*Supplied entries:*
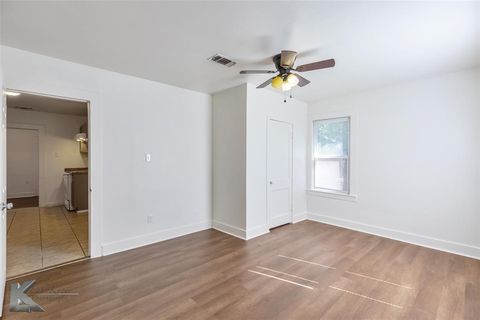 Tiny photo for 1025 S 15th Street, Abilene, TX 79602 (MLS # 21099312)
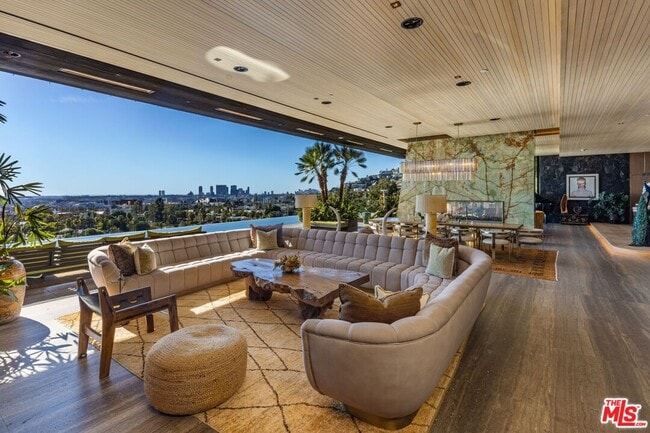 Building Photo - 1851 N Stanley Ave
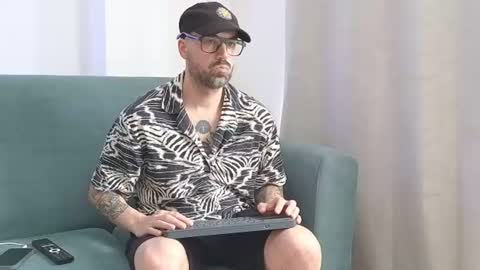 Mattxfeet online show from August 6, 6:07 pm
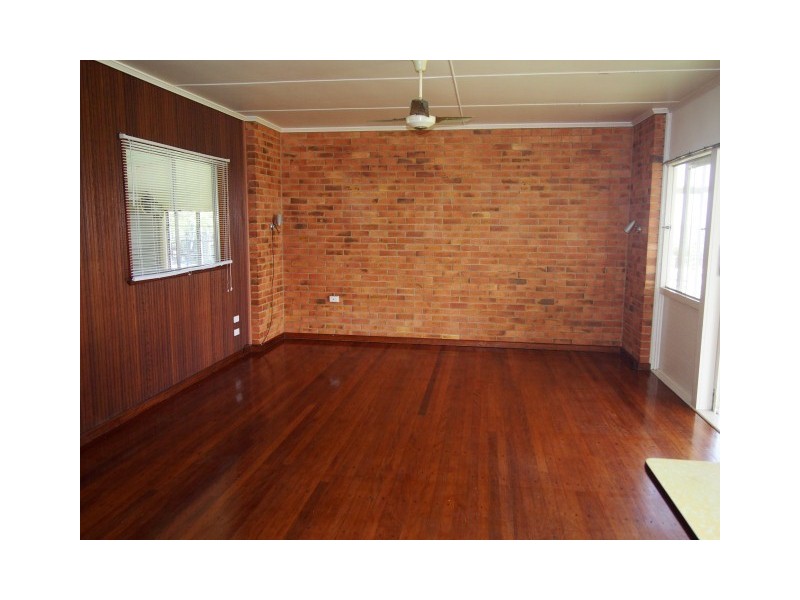 95 Esplanade, Point Vernon QLD 4655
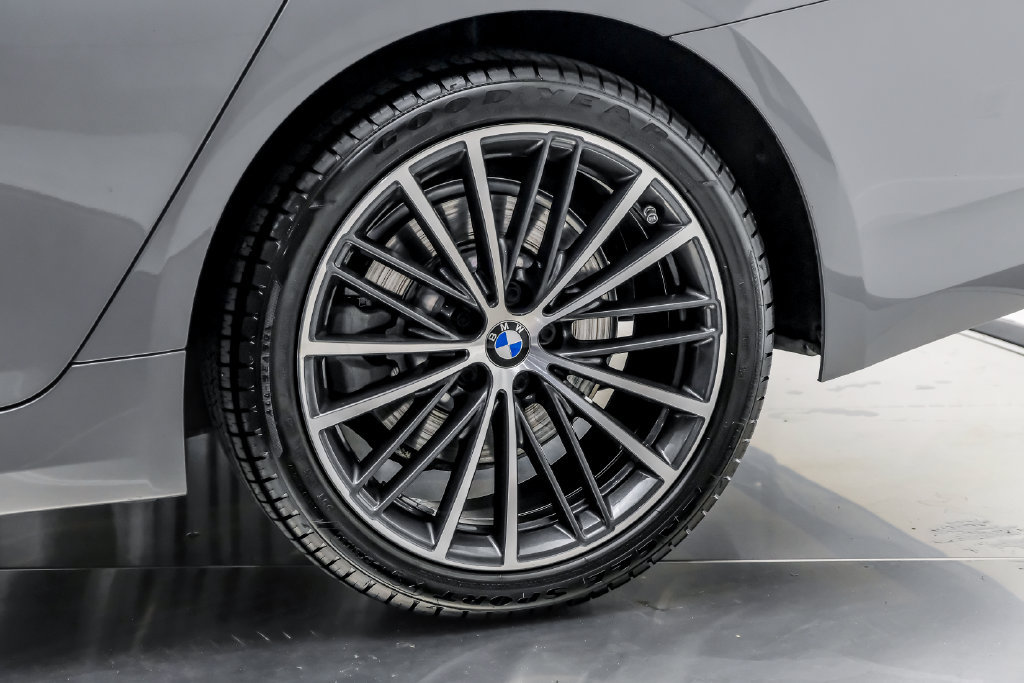 Used 2023 BMW 530i w/ Premium Package RWD image 57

*Directions:* With the pictures excluded, restate word for word each line from the one that contains "95 Esplanade, Point Vernon QLD 4655" through the last line of the listing above.

*Expected answer:*
 95 Esplanade, Point Vernon QLD 4655
 Used 2023 BMW 530i w/ Premium Package RWD image 57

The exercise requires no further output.